Whenever the word "windows" shows up in a line of the data, copy that line.

** Opening Available records block **

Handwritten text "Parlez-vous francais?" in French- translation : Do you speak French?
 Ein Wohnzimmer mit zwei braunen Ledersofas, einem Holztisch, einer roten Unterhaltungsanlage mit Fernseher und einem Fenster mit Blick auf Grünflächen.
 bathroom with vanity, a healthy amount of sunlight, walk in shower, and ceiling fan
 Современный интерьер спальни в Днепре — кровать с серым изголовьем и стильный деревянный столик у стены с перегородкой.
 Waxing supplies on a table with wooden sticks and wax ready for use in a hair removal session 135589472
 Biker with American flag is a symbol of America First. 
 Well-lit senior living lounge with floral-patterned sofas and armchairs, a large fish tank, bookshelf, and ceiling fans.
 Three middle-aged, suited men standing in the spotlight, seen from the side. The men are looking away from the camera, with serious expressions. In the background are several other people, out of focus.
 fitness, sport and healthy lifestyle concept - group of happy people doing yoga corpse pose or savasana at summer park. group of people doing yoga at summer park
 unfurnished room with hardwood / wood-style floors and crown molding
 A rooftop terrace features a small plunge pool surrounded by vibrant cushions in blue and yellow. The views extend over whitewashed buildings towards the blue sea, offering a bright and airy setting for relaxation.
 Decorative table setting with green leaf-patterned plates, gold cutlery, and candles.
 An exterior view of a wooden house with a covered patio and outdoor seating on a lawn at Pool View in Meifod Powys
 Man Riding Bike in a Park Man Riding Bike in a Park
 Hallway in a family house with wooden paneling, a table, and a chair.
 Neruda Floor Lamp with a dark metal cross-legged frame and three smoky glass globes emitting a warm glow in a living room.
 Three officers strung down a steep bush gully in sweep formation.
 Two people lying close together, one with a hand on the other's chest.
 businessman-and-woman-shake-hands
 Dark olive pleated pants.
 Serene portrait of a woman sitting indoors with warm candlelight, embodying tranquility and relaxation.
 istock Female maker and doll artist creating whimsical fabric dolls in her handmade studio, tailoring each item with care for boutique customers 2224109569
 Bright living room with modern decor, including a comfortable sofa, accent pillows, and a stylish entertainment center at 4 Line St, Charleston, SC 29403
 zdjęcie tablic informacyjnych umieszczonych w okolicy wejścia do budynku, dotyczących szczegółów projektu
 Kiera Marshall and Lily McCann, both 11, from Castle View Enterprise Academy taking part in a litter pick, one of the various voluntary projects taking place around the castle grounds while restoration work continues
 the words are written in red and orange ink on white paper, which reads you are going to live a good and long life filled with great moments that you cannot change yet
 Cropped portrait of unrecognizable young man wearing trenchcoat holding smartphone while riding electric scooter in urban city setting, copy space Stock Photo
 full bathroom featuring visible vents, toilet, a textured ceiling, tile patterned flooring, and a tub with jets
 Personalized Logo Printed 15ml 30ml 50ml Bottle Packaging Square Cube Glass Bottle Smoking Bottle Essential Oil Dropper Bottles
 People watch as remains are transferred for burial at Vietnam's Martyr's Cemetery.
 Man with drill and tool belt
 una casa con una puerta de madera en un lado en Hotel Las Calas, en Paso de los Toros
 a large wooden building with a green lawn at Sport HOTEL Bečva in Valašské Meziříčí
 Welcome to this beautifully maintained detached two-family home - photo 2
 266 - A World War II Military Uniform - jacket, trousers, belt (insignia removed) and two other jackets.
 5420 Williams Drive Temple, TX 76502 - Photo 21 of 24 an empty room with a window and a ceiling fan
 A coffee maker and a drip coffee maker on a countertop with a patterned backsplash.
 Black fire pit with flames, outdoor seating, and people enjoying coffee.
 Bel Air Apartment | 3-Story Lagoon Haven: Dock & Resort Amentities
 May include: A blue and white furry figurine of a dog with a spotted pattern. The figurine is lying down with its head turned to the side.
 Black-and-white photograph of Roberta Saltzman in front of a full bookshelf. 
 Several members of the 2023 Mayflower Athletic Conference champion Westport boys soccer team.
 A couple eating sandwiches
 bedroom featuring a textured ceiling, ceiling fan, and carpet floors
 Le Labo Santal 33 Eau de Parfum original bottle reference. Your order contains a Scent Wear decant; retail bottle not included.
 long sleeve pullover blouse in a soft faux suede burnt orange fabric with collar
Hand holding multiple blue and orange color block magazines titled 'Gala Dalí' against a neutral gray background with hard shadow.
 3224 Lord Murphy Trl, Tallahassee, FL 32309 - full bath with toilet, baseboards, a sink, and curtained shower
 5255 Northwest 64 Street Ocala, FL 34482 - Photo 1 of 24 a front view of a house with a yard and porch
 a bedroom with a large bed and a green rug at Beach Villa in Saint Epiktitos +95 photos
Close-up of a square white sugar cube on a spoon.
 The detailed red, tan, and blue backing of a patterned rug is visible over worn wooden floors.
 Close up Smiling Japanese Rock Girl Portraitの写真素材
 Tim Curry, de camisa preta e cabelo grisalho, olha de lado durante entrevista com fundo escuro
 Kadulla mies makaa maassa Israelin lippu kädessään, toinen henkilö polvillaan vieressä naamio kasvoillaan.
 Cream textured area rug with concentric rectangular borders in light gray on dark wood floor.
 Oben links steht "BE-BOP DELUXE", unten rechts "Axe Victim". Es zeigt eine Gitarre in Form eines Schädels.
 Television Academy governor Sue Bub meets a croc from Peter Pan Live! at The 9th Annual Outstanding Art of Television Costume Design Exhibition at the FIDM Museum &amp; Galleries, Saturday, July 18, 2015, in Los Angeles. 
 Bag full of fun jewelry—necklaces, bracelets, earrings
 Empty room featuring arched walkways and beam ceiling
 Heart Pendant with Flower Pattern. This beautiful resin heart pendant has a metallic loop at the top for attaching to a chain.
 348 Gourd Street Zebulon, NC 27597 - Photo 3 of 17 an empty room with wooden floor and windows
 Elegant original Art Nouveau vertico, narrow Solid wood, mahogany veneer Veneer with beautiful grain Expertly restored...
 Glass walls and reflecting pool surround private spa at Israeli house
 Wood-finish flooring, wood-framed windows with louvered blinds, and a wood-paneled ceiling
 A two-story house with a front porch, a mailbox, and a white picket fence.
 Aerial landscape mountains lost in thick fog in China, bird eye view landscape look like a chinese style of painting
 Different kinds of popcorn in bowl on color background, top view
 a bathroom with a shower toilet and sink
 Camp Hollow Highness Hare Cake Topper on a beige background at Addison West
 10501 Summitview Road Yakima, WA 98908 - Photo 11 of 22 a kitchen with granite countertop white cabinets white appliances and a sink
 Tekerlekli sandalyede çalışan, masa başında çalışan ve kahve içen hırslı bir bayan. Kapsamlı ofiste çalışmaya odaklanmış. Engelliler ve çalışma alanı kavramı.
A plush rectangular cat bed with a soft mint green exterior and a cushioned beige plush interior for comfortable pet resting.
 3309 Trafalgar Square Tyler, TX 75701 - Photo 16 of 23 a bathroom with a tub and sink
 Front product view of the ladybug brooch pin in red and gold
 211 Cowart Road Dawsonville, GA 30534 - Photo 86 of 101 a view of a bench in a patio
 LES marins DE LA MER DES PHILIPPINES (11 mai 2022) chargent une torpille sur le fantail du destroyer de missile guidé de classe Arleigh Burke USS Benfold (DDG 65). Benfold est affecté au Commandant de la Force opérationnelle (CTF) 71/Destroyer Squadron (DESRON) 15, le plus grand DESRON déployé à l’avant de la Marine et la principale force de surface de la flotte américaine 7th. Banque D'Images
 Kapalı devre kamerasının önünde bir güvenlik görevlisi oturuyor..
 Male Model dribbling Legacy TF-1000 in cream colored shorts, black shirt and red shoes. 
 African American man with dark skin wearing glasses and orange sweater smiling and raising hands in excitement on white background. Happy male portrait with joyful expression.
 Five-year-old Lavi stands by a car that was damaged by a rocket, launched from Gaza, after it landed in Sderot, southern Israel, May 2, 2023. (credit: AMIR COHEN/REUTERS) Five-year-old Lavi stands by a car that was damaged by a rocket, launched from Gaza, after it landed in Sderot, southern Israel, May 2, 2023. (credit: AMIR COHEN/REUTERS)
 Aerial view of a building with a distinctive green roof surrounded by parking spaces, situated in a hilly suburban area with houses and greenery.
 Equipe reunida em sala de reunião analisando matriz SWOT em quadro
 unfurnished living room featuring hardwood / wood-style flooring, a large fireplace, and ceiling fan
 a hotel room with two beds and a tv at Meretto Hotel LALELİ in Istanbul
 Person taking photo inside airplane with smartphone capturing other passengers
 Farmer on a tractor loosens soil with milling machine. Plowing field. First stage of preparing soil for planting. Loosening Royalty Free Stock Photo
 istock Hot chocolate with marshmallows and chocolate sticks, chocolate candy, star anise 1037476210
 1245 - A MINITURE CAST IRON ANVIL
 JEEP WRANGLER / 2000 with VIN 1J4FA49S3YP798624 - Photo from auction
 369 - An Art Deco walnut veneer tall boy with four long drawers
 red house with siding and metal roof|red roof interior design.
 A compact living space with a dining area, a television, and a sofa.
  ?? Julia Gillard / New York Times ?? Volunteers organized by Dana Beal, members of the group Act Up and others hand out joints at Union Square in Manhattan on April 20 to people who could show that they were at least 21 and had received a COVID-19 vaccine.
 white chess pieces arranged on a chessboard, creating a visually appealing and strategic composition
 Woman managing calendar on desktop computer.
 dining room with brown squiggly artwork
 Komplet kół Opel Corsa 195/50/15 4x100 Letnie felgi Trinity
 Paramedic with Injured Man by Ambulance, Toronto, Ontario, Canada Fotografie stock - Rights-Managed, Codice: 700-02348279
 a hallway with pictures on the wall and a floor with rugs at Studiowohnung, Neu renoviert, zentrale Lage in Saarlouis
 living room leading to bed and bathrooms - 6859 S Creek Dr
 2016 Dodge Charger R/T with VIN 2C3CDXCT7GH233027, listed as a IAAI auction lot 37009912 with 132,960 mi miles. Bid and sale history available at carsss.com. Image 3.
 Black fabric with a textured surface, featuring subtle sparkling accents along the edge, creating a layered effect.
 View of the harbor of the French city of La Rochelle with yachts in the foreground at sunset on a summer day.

** Closing Available records block **

▶ [Solution for this exercise]:
 348 Gourd Street Zebulon, NC 27597 - Photo 3 of 17 an empty room with wooden floor and windows
 Wood-finish flooring, wood-framed windows with louvered blinds, and a wood-paneled ceiling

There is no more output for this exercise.